Два солдата — два полюса! И только в разведке, особенно в минуты опасности, они как бы сливаются друг с другом, становятся сильным, единым целым.
К вечеру в теплушке становилось все темнее и тише. Умолк гнусавый аккордеон, переиграв все печальные и веселые песни; угомонились заядлые забиватели козла, весь день гремевшие костяшками домино; не слышно стало хриповатых голосов братьев Охрименко, забавлявших вагон украинскими песнями. После ужина всех потянуло ко сну.
Филипп тоже полез на нары и сразу же уснул, едва коснувшись головой подушки. Проснулся он за полночь оттого, что сильно захотел покурить.
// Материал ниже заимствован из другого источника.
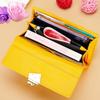 Women's long leather wallet with large capacity and genuine leather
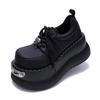 Metal Decoration Round Toe Thick Bottom Platform Chunky Heels Women Pumps Lace Up Black Ins Fashion Y2K Punk Street Ladies Shoes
Приподняв голову, увидел в дверном проеме плечистый силуэт командира взвода, подумал: «И чего не спит?» И тут же ответил самому себе: «Все ясно…» Да, Филипп Шилобреев знал, почему не спится взводному командиру. Перед самым отъездом из Германии, уже в вагоне, ему принесли треугольный конверт — письмо из родной деревни Ольховки. А в нем таилась поразительная новость: объявился Иванов отец, убежавший из дому пятнадцать лет назад. Потому, видно, и не спится Ивану Ермакову: обдумывает, как ему быть. Куда девать новоявленного родителя?
Шилобреев поднялся с нар, достал папиросу и, подойдя к Ермакову, спросил сонным голосом:
— Чего не спишь, полуночник?
— Не спится что-то, — ответил Иван, глядя в темноту.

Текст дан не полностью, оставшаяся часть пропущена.